Both offices stop short of policies implemented elsewhere to not charge marijuana possession
The two county attorneys of Minnesota’s Twin Cities have announced new policies on how their offices will handle the prosecution of marijuana-related offenses.
Hennepin County (Minneapolis)
County Attorney Mike Freeman issued a memo in August, which he presented at a news conference last week. The memo first addresses marijuana possession. Since possession of less than 42.5 grams is a misdemeanor handled at the city level, Freeman’s memo addresses cases above 42.5 grams, which are felonies. His policy is that people arrested for possession will be asked to complete diversion programs, either as a condition for charges to not be filed at all (if possession is under 100 grams) or as a condition for charges to be dropped.

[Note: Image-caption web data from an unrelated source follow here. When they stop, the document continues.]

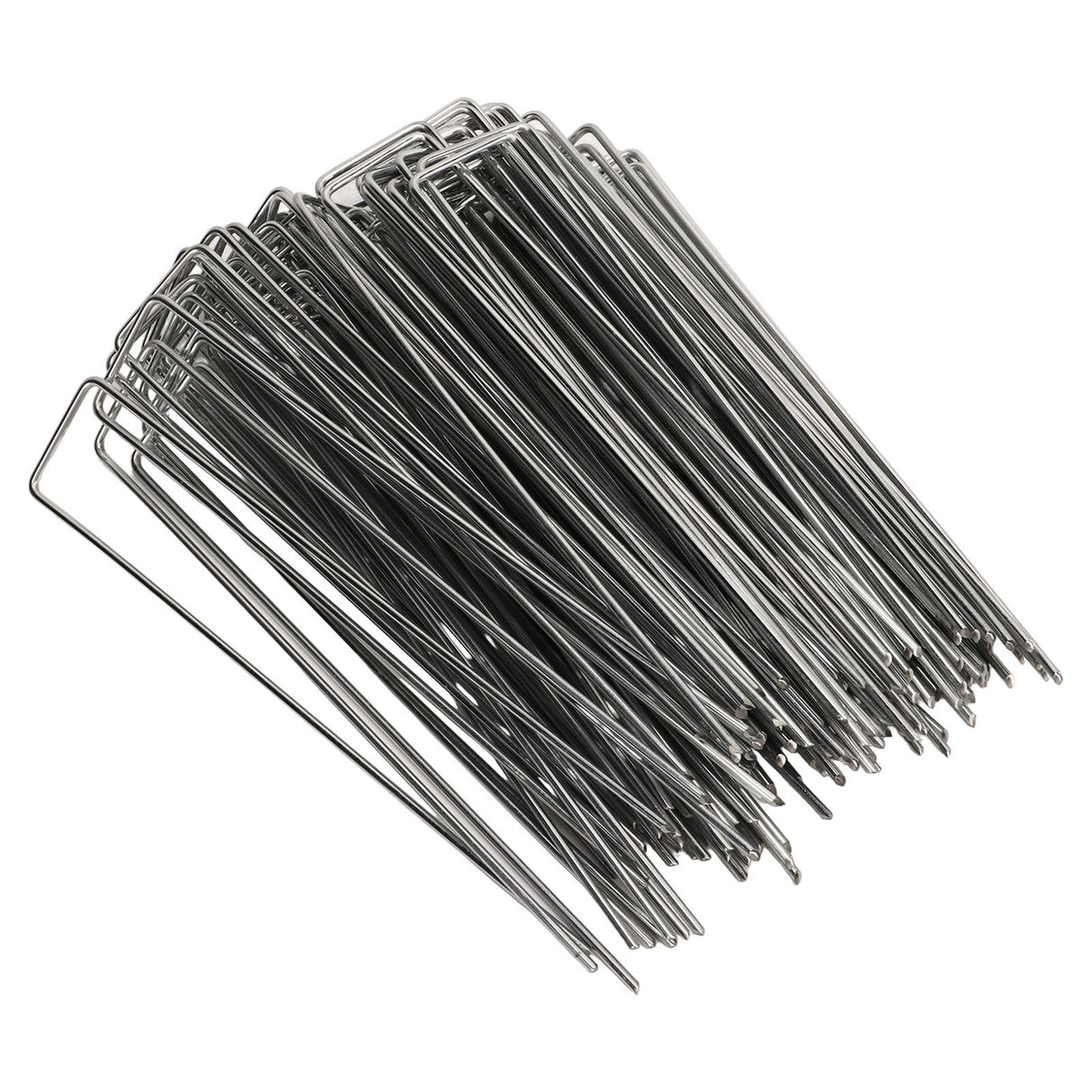 100Pcs U Shaped Garden Stakes Galvanized Steel Landscape Stakes Pins for Weed Barrier Sod Fabric Decorations Roughness 3mm/0.12in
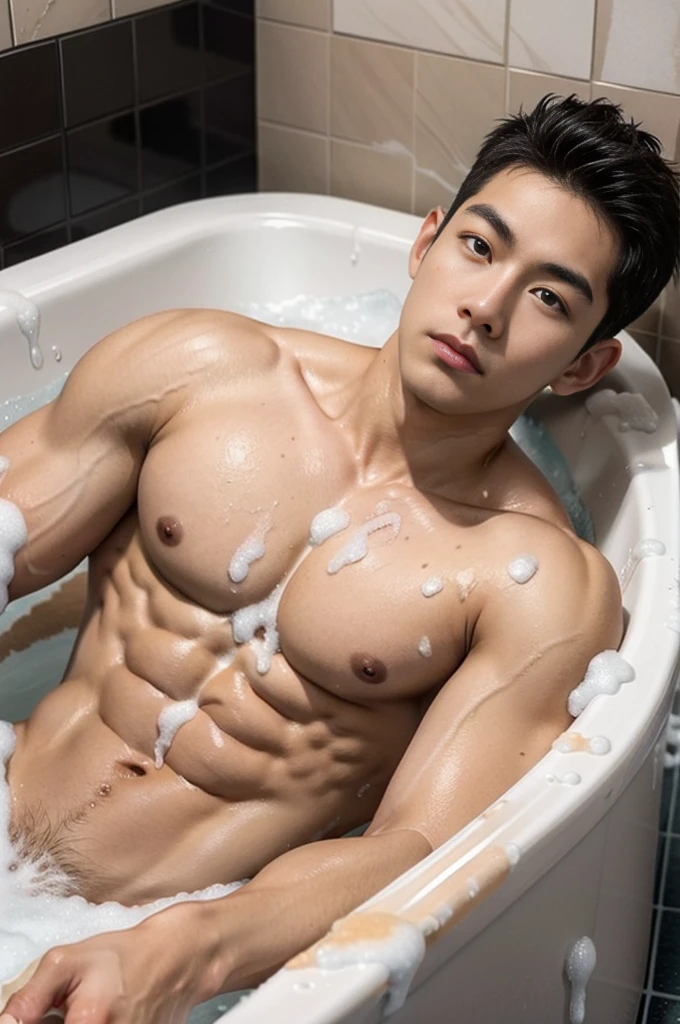 aiden,1 Asian muscular male, lying in the bathtub, filled with a lot of soap foam in bathtub, his half under body part is under the soap foam 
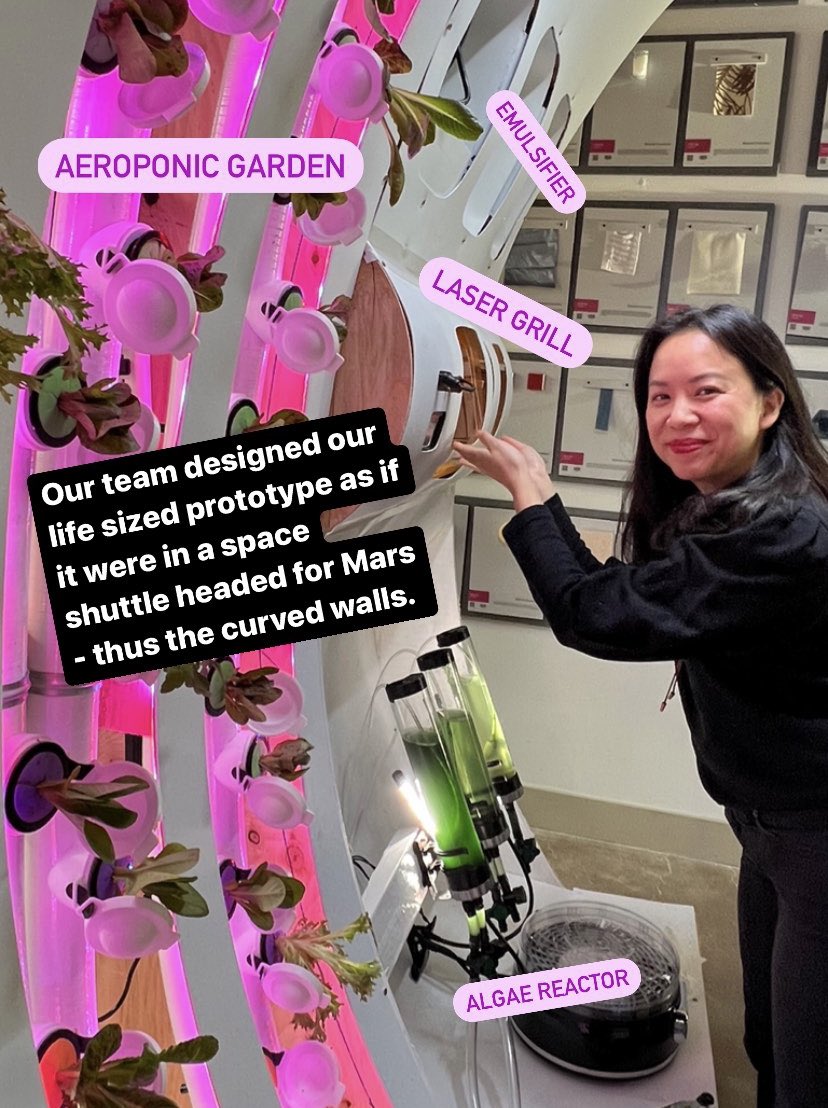 NonfictionD's tweet photo. Here’s Fi Nguyen (Strategy Director) for scale - our life-size prototype for @NASA @DeepSpaceFood really is life-sized!
#visitmars #nasa #spacefood #designfirm #spacearchitecture https://t.co/KhuL6QO5nQ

The office may offer a stay of adjudication to people it deems not eligible for diversion based on the office’s criteria. Spokesperson Chuck Laszewski told me that they the office already used these diversionary options prior to this memo, but for fewer cases and smaller quantities. Second, the memo addresses the sale of less than 42.5 grams of marijuana: Such cases will be charged, then pushed to pretrial diversion. It was revealed last year that nearly all people arrested in sting operations by the Minneapolis police and then charged by Freeman’s office were African American. The memo also outlines numerous exceptions to all these policies such as possession of a firearm or prior convictions, which the county’s chief public defender denounced in the Star Tribune.
Ramsey County (St. Paul)
County Attorney John Choi issued a Feb. 28 memo that only addresses marijuana sales: His office will no longer file charges for sales of less than 42.5 grams. When I asked whether this is conditional on completing diversion (as in Hennepin), spokesperson Dennis Gerhardstein clarified via email that “these cases will be declined/refused for prosecution.” However, the policy would not apply if there is “a clear and compelling public safety reason.” Gerhardstein told me that Choi would need to approve this determination. According to the memo, elements that could justify this determination include the sale of THC oil or factors the state defines as aggravating.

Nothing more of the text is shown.